# good hotel in Antalya



## mtojiev (Feb 28, 2012)

Dear all,

I would appreciate it if anyone could recommend me a good (4 or 5star) hotel in Antalya, which is not far from the airport and at the same time convenient for tours around Antalya.

Thanks,


----------



## efzun (May 7, 2012)

hi , ı can say that all the hotels are in the city center . but it is easy to go to airport , ı can recommend you talya or dedeman hotel


----------



## DBMaster2k (May 7, 2012)

im also recommend you dedeman resort.


----------



## aysem (May 7, 2012)

There are too many hotels in Belek area, newly built and very luxurious. Although Belek is not very near to the airport, you can easily rent a car and travel around. 
I have heard good things about Limak Lara as well.

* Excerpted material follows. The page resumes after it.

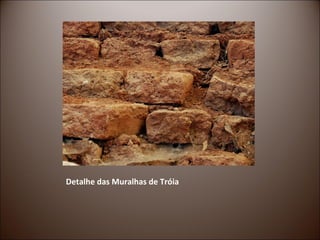 Detalhe das Muralhas de Tróia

And Hillside Su is another option which is very very popular. (nightly prices might be nightmares during the high season june-august)


----------



## tally71 (May 16, 2012)

Hi,

I stayed at the Dogan Hotel in Antalya last July and can thoroughly recommend it. It is within walking distance of Kaleici (old town).

It has a swimming pool, internet facility, buffet style breakfast and optional buffet evening meal-lovely food.

Staff are friendly and helpful, speak german and english. A quiet hotel but within walking distance of harbour, shops and old town, they also can arrange trips for you.


----------